As well as the workshops and presentations, we played a card game developed by Laura Donkers as part of her PhD research. Laura’s reflections are as follows:
“The Monument Card Game was played during the afternoon by all the delegates and some of the workshop leaders. The cards were set out on the tables and people quickly started to form their own groups of 4 to 6 players, with one person from each reading out the games rules. Almost immediately an air of jovial eagerness developed in the room, as participants got to grips with the game, followed by cheers and roars as some started to win their rounds.

The Monument Game (Picture: Laura Donkers)

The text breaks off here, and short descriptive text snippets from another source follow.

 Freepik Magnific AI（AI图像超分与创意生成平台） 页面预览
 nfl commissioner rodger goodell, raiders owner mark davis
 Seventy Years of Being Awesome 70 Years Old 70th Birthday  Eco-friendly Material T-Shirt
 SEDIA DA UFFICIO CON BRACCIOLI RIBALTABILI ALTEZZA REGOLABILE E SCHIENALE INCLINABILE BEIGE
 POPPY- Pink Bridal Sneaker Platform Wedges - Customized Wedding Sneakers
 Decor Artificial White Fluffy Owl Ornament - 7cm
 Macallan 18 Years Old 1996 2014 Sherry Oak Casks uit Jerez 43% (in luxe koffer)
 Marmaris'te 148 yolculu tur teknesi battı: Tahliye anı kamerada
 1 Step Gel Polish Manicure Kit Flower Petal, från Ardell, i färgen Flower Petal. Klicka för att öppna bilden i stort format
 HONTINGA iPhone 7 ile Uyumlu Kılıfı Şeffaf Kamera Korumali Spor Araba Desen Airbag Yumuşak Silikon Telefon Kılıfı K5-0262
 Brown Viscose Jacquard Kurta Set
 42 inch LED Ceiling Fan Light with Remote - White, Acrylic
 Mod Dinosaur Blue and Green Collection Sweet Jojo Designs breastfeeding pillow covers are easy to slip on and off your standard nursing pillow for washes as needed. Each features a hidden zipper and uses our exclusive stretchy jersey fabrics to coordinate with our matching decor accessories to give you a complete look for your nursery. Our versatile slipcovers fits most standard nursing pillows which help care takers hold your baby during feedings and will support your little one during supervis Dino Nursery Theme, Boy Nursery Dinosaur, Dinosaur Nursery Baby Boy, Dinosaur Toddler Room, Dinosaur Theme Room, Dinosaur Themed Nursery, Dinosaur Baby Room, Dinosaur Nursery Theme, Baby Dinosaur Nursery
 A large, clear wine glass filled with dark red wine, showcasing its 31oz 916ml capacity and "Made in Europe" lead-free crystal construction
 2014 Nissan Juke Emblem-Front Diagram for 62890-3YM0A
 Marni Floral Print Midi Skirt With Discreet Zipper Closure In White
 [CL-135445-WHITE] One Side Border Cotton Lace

The Monument Game is a deep map that investigates the bio-cultural heredity of the Outer Hebrides through the riddle of how a Monkey Puzzle tree came to be planted on a small island in Loch an Eilean, Askernish, South Uist during the time of the Clearances, and explores the long-term effects that still resonate in the land today. Comprising a pack of 54-playing cards that contain the text and images, which present maps, tables, and botanical photographs of the plant species on the island. These different perspectives present a reflection on the need to cultivate understanding of landscape and place.
‘The little island garden with its collection of distorted and varied specimens reveals two perspectives of thought: on the one hand it’s a reminder of colonial dominance and the havoc that created; and on the other hand, it’s about the bountiful and forgiving lessons that nature teaches about adaptation, assimilation, diversity and symbiosis. Both ultimately present in the here and now.’
The game allows participants to interact with the text and images, as well as each other, convivially sharing the experience of reading, listening, and watching, in an atmosphere charged with anticipation. The players at the Cultivating Perspectives on Landscape workshop embraced the challenge and seemed to enjoy the opportunity to engage in the task. It appears by all accounts to have gone down well, as a change in pace and welcome chance to interact.
I’d like to pass on my thanks to my co-organisers and SGSAH for the opportunity to play the game at this exceptionally good interdisciplinary training workshop and conference.”
The highly interactive nature of the workshop meant that everyone involved had the chance to contribute their own ideas to the discussions and exercises, and we are confident that the networks made between researchers will work towards the formation of a research community of landscape researchers in Scotland. I would like to thank my co-organisers for their help in putting the workshop together and staying on top of everything during to incredibly packed days, and members of the School of Classics at St Andrews, particularly Jason König and Rebecca Sweetman, for their guidance in the planning and funding application. Inestimable thanks are also owed to Sam Dixon, the Classics secretary at St Andrews, for dealing with much of the financial and logistical planning which goes into an event such as this. Last but not least, we would like to thank SGSAH for providing the funding which allowed us to put on the workshop, and for providing the opportunity for postgraduates to take an active role in their own training.